Why most people's next car will be a Tesla - hw
https://betterthansure.com/the-tesla-way-of-making-a-great-product-4e1928752de6
======
jacquesm
> By 2016, the no-compromise electric car became a reality when Tesla finally
> announced the Model 3. It became as much a no brainer as an iPhone. The
> alternative to a Model 3 is simply obsolete.

The hyperbole is strong here. Most people is > 50%, it will most definitely
not happen, the car arena can not be compared to the smartphone arena in any
way because smartphones did not exist in significant numbers.

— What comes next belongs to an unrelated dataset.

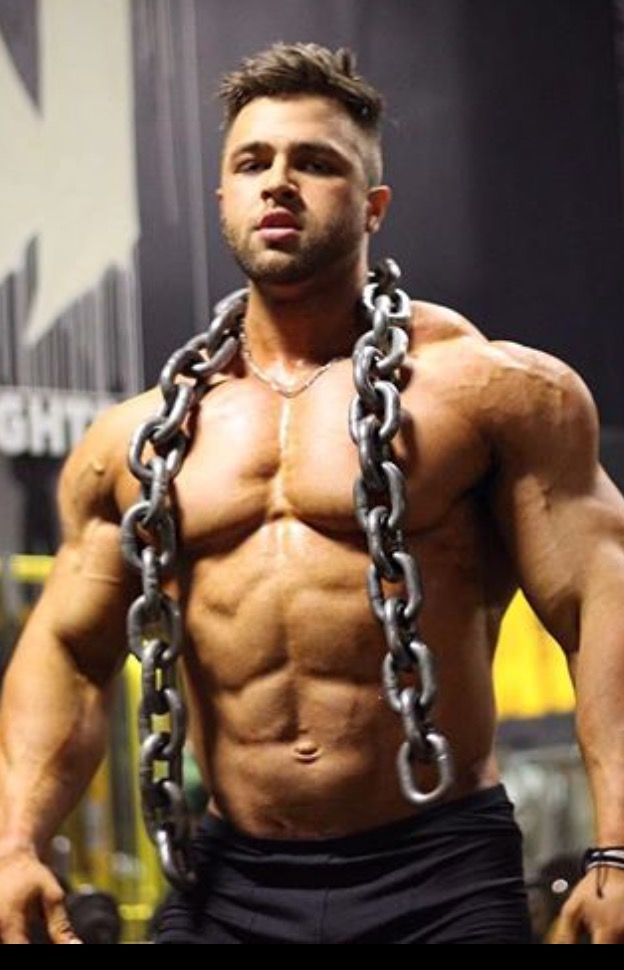 a muscular man with a sixpack, wearing black shorts, poses with a chain wrapped around his neck and shoulders. he is in a gym setting, with a dark background, and he is looking at the camera with a serious expression. he appears to be in very good shape.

Tesla is at best going to end up as a solid player once the replacement cycle
kicks in, until then they are super fragile and could just as easily die as
make it big.

Let's wait with calling out the milestones until they actually happen. For now
Nissan/Renault is actually the biggest seller of EVs.

------
CaptainKrunch
lemme fix that...most people's next car will be used (pre-owned) in the US
(and in Europe). Most likely it'll cost in the range of 6,000 to 16,000 USD
and will definitely not be a Tesla.

That said, I want my next car to be a Tesla...the masses don't have to money
to be included unfortunately.

------
eip
>Why most people's (in Palo Alto) next car will be a Tesla

FTFY